Secondo lo studio la «carestia dei rendimenti obbligazionari» unita alla normalizzazione dell'inflazione ha prodotto l'eutanasia o il congelamento progressivo dei rendimenti del portafoglio benchmark che il Centro Einaudi segue dal 2008. Negli ultimi tre anni il portafoglio benchmark di un investitore medio poco incline al rischio avrebbe visto ridursi i rendimenti totali lordi annuali dal 9 per cento (2014) al 3 per cento (2015) al 2 per cento (2016). Nei primi sei mesi del 2017 il contributo year-to-date al rendimento annuale del portafoglio benchmark è stato pressoché nullo.
L'analisi dei rendimenti delle singole componenti evidenzia come la carestia dei rendimenti obbligazionari abbia costituito il «cuore» dei problemi del portafoglio benchmark. L'aspettativa che la politica monetaria della Bce continuerà nella stessa direzione non consente ottimismo su una ripresa a breve termine del benchmark. Per svincolarsi dall'effetto della carestia dei rendimenti, il benchmark dovrebbe assumere più rischi nelle sue componenti più rischio-se e volatili, come le materie prime, l'oro e le azioni: si tratta però di asset class per investire nelle quali è indispensabile avere una approfondita conoscenza dei mercati, in termini sia di funzionamento che di analisi fattoriale dei driver dei prezzi degli investimenti. Nel 2016, per citarne una, l'oro si è apprezzato, ma nel 2017, per continuare, il petrolio si è invece deprezzato. Le azioni sono andate bene in alcuni paesi emergenti, ma non molto bene in Europa. Storicamente, per quanto per esempio si rileva dalle Indagini del Centro Einaudi degli anni precedenti, i risparmiatori italiani si sono dimostrati poco inclini ad assumere importanti rischi nelle asset class in questione.
L'inverno dei rendimenti del benchmark è in progressione da quasi due anni ed è assai ben visibile dall'appiattimento della crescita dell'indice del benchmark. È improbabile che i risparmiatori italiani decidano spontaneamente di uscire dal loro habitat non rischioso per affrontare gli investimenti nelle asset class rischiose. A meno che questo cambiamento non venga istituzionalmente incentivato. I nuovi Piani Individuali di Risparmio (Pir), nati a gennaio 2017, allineano i risparmiatori italiani a quelli di molti altri paesi, che ne dispongono da anni. Essi offrono molti vantaggi: mitigano i rischi attraverso la diversificazione temporale dell'accumulo dei risparmi; educano al risparmio progressivo; accolgono investimenti rischiosi ma diversificati; sono esenti da imposte sui rendimenti e sulle successioni.
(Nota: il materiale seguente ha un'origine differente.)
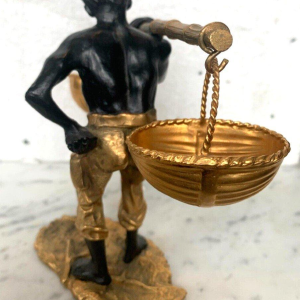Bronze sculpture with a double patina, "African Man Carrying a Basket Balancing Act," 20th century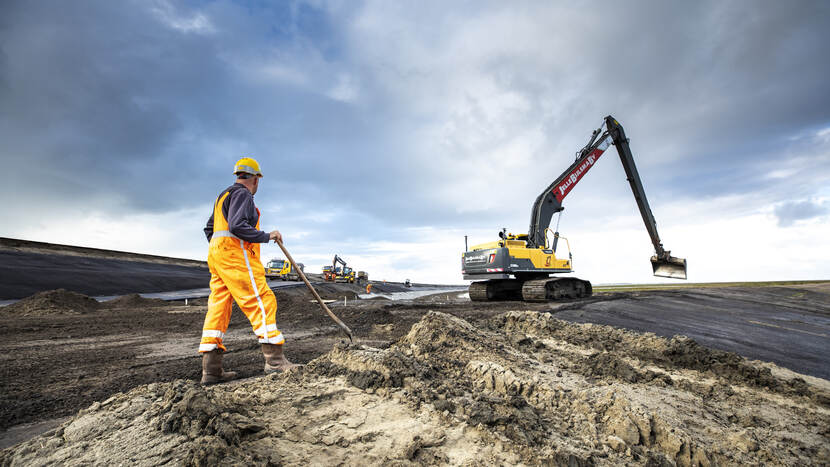 Man in overall staat met schep in de modder tijdens de uitvoering versterking Lauwersmeerdijk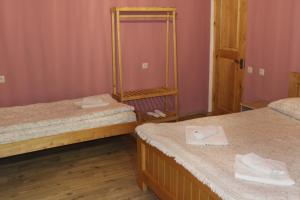 Letto o letti in una camera di guest house kesa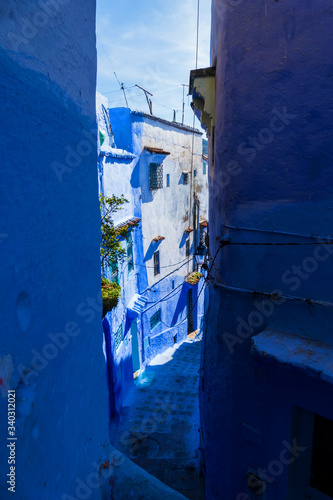 Street scene with blue houses and stairways in Chefchaouen, Morocco © Gert-Jan van Vliet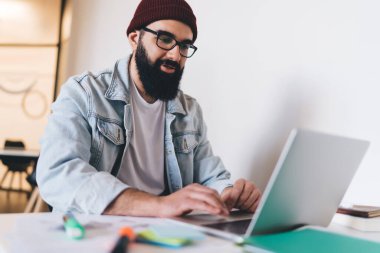 Günlük giysiler ve gözlüklü olumlu sakallı erkek yönetici ekrana bakarken ekranda otururken bulanık kalemli dokunmatik not defteri kullanıyor ve başlangıç ödevi üzerinde çalışıyor.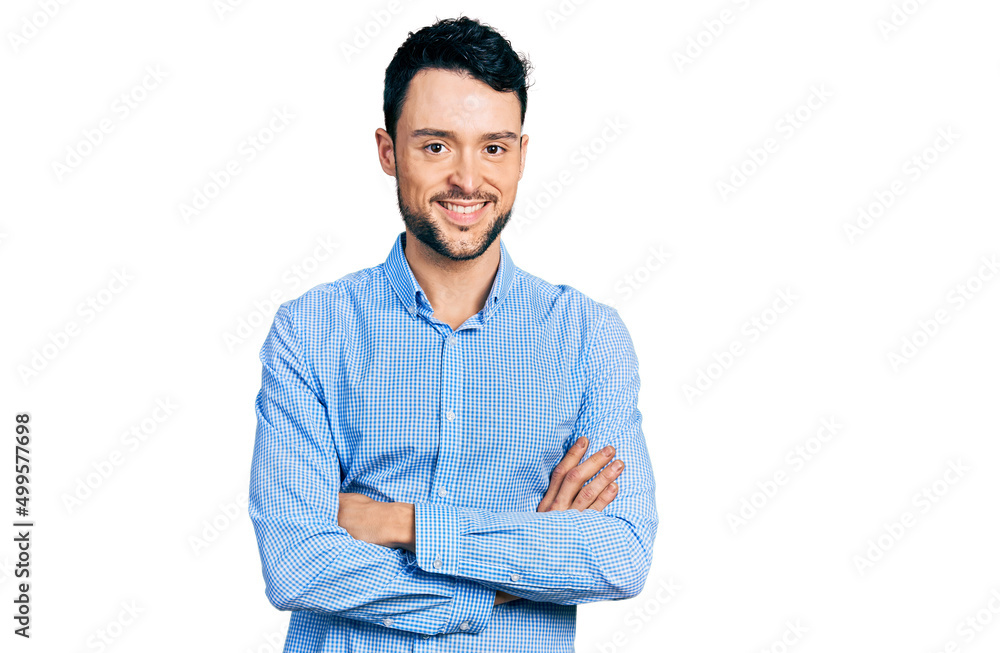 Hispanic man with beard with arms crossed gesture smiling with a happy and cool smile on face. showing teeth.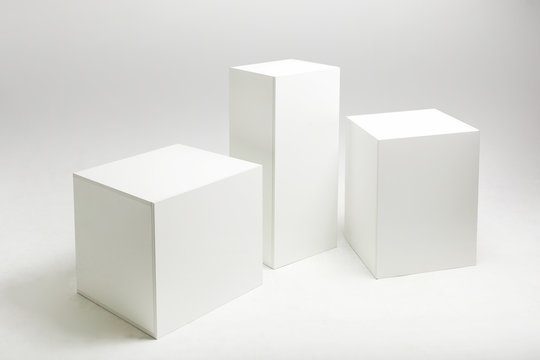 3D Illustration Of White Cubes And Parallelepipeds On Cyclorama In Modern Photo Studio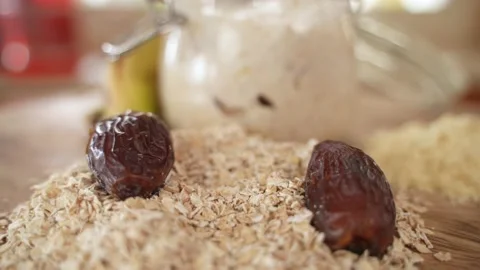 Dried Date Fall into Pile of Oat Flakes, Selective Focus with Copy Space Stock Footage 151286221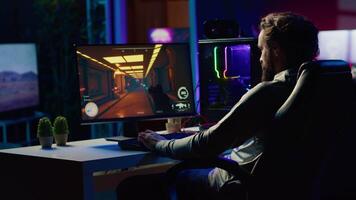 Man in dark living room playing videogame on gaming PC at computer desk, relaxing by shooting enemies. Gamer battling flying robots in online singleplayer shooter from neon lights ornate home video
In cambio, si deve mantenere l'investimento per almeno cinque anni, sottraendo il parterre telematico delle borse ai trader puri e cercando di far tornare a investire nelle aziende quello che fu il «Bot people», il quale, anche quando ha lasciato le obbligazioni di Stato, ha continuato a preferire il credito alle azioni. Siccome una borsa efficiente ha, nel lungo termine, un impatto positivo sulla crescita del Pil potenziale, i Pir e il ritorno guidato e razionale all'investimento azionario che essi offrono possono rappresentare una risposta sia al bisogno di rendimenti di lungo periodo appetibili per i risparmiatori, per sfuggire alla carestia dei rendimenti obbligazionari, sia al bisogno macroeconomico di capitali da investire nella crescita delle aziende italiane, incluse quelle piccole e medie, quotate o quotabili nel segmento AIM di Piazza Affari. I Pir e le ristrutturazioni delle abitazioni sono plausibilmente due mosse giuste per rimediare alla ripresa lenta degli investimenti interni e mettere fine alla fase della crescita slow, restituendo all'Italia tassi di crescita normali del suo Pil: quei tassi necessari perché si rimarginino le ultime cicatrici di una crisi troppo lunga, ossia la povertà e l'eccesso di debito pubblico.